Quiconque fabriquera en revanche une représentation différente, voire inverse, du signifiant "juif", se heurtera à de violents et passionnés retours du refoulé. Retour qui chez certains, se traduit aujourd’hui aisément par un nouveau glissement sémantique de l’antisémitisme : l’Antisionisme.

Une question s’impose alors, pourquoi y a t il une telle passion pour les symboles ?

Quel est l’enjeu psychanalytique que présentent les symboles forts d’une société pour un individu qui en est issu ?

Castré par le langage, l’homme est un être de désir qui se cherche sans cesse dans le désir de l’Autre. « Le désir de l’homme trouve son sens dans le désir de l’autre. » Lacan, Ecrits. A l’instar de la névrose hystérique, il faut s’escrimer perpétuellement à devenir ce que l’Autre aime. Être désiré, vouloir être aimé, absurdité de l’existence. Tel Sisyphe, nous tentons inlassablement d’incarner le signifiant que l’Autre désire. Mais si par définition la logique du désir suppose une perpétuelle insatisfaction, c’est alors une éternelle complainte que chante la quête inexorable de l’hystérique. Si devenir « Martyr » permet d’incarner un signifiant aimé de l’Autre, c’est donc un symbole hystérique qui est célébré dans le culte de ce signifiant.

Ainsi, les symboles forts d’une société appellent à l’identification du sujet.

Il n’existe toutefois pas qu’un seul signifiant pour se définir soi-même. Il y en a plusieurs, et ce n’est qu’en les associant qu’on obtient une signification. Ainsi, parmi les infinies associations métonymiques possibles du langage, le signifiant « Martyr » s’il prend pour binôme le signifiant « Juif », renvoie à la dérangeante Shoâh. Par conséquent, lorsque l’on s’identifie au symbole du martyr, il y a une ‘’vedette’’ symbolique gênante qui peut toujours, sans que l’on s’y attende, et même dans des lieux aussi improbables qu’un spectacle de Dieudonné, resurgir : le déporté de l’Holocauste.

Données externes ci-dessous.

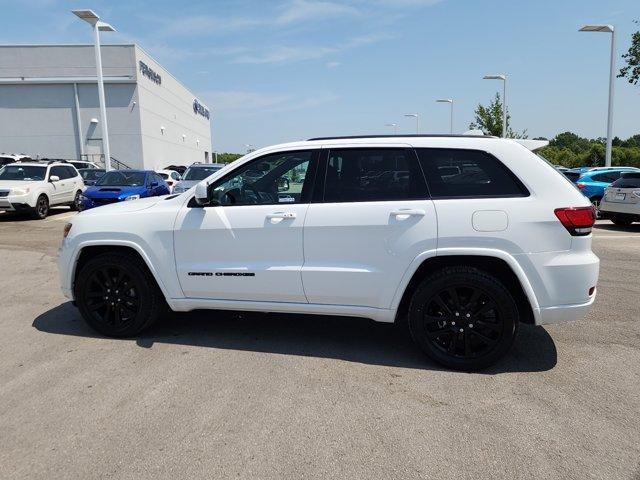 used 2019 Jeep Grand Cherokee car, priced at $21,500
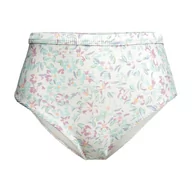 Stroje kąpielowe - Dół od stroju kąpielowego Billabong Sweet Oasis Tanlines Hi Retro - miniaturka - grafika 1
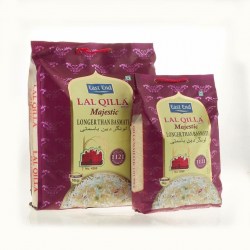  Рис басматі Majestic (непропарений)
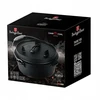 LP-BH-192 - Ketaus puodas 4 l Berlinger Haus Matte Juodas Collection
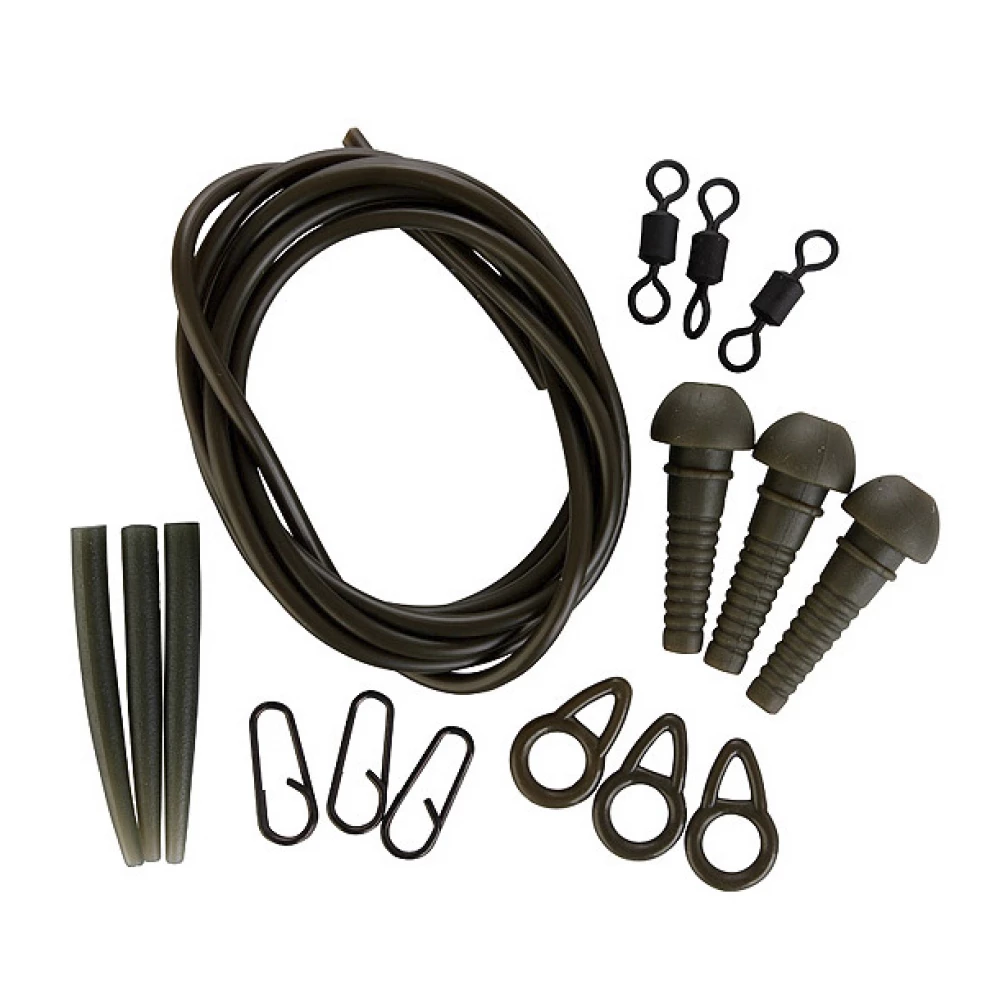 Оснащение карповое Prologic Multi Purpose Rig Kit 3pcs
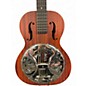 Used Gretsch Guitars G9200 Boxcar Round Neck Natural Resonator Guitar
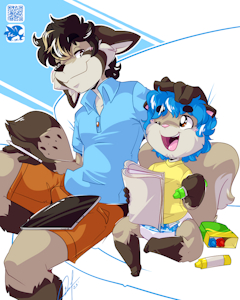 [⚡] - ART LIKE DADDY by LilChu
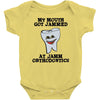 jamm orthodontics Baby Onesie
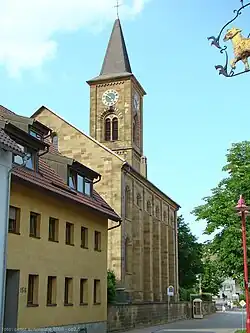 Martin-Luther-Kirche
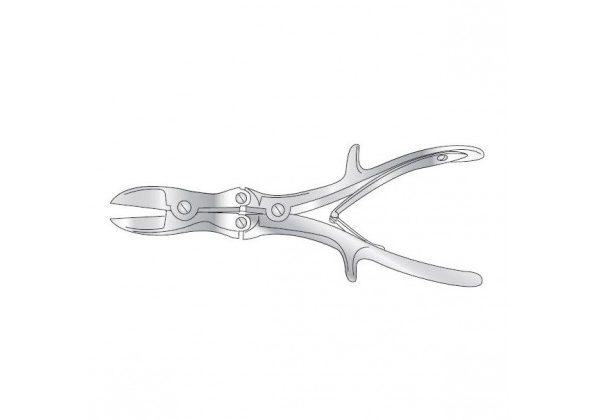 Post Mortem Horsley Bone Cutter Compound Action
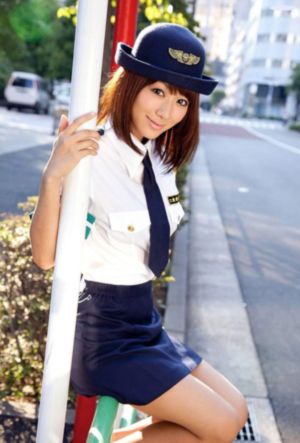 机关枪少女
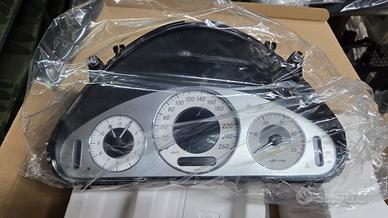 strumento combinato Mercedes Classe E W211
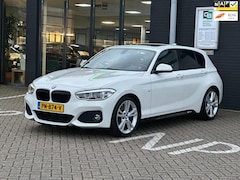 BMW 1-serie - 120i High Executive/2E EIG/PANO-DAK/LEDER/XENON/NL-AUTO NAP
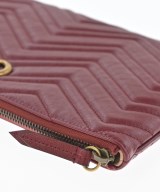 GUCCI（グッチ）クラッチバッグ 赤 サイズ:- レディース/2200633018023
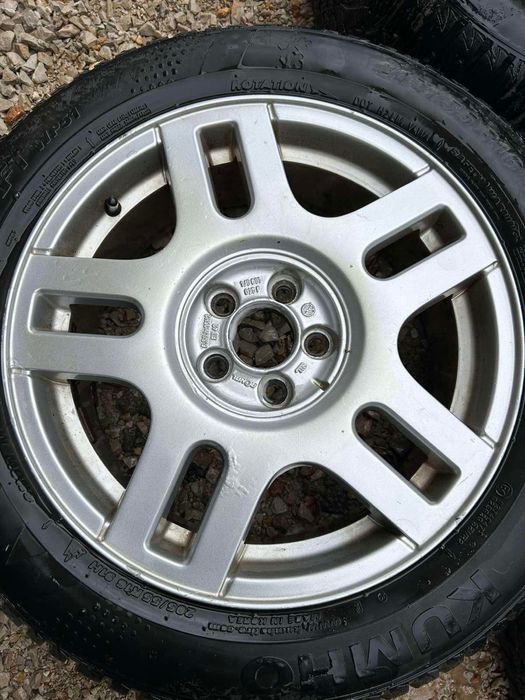 Джанти за Volkswagen 5x100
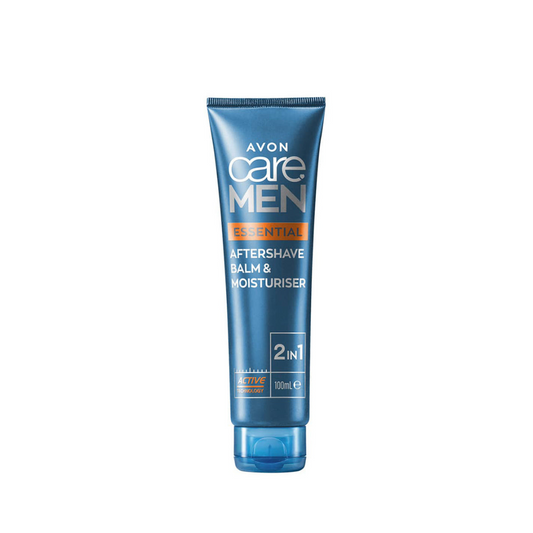 Avon Care Men Men Essential 2 In 1 After Shave Balm, 100ml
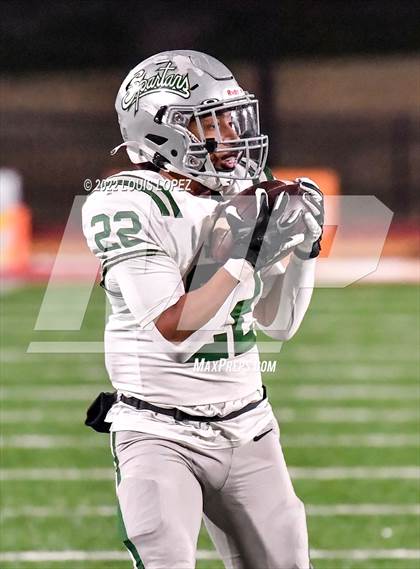 Thumbnail 2 in De La Salle @ Lincoln (CIF State DIV 1AA Championship Final) photogallery.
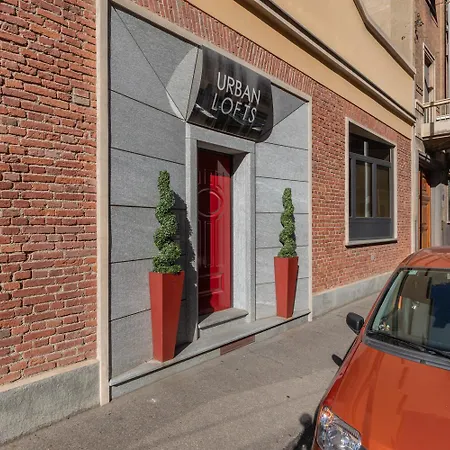 Appartement Loft Tramvai By Wonderful Italy Turijn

D’autre part, en plus d’un symbole supposé aimé, encore faut-il qu’il y ait de la place pour s’inscrire. Or, c’est le supposé désir de l’Autre pour tel ou tel signifiant qui motive l’identification d’un sujet à tel ou tel symbole. Ainsi, C’est au lieu du désir de l’Autre, porté sur un signifiant, que l’on s’inscrit dans le Monde-Autre. Toutefois, n’y voyons pas là une garantie, l’absurdité de la condition humaine est que cette place qu’elle occupe est in-stable, ex-tatique…

Mais pour le comprendre, arrêtons-nous un instant sur cette logique structurelle du langage.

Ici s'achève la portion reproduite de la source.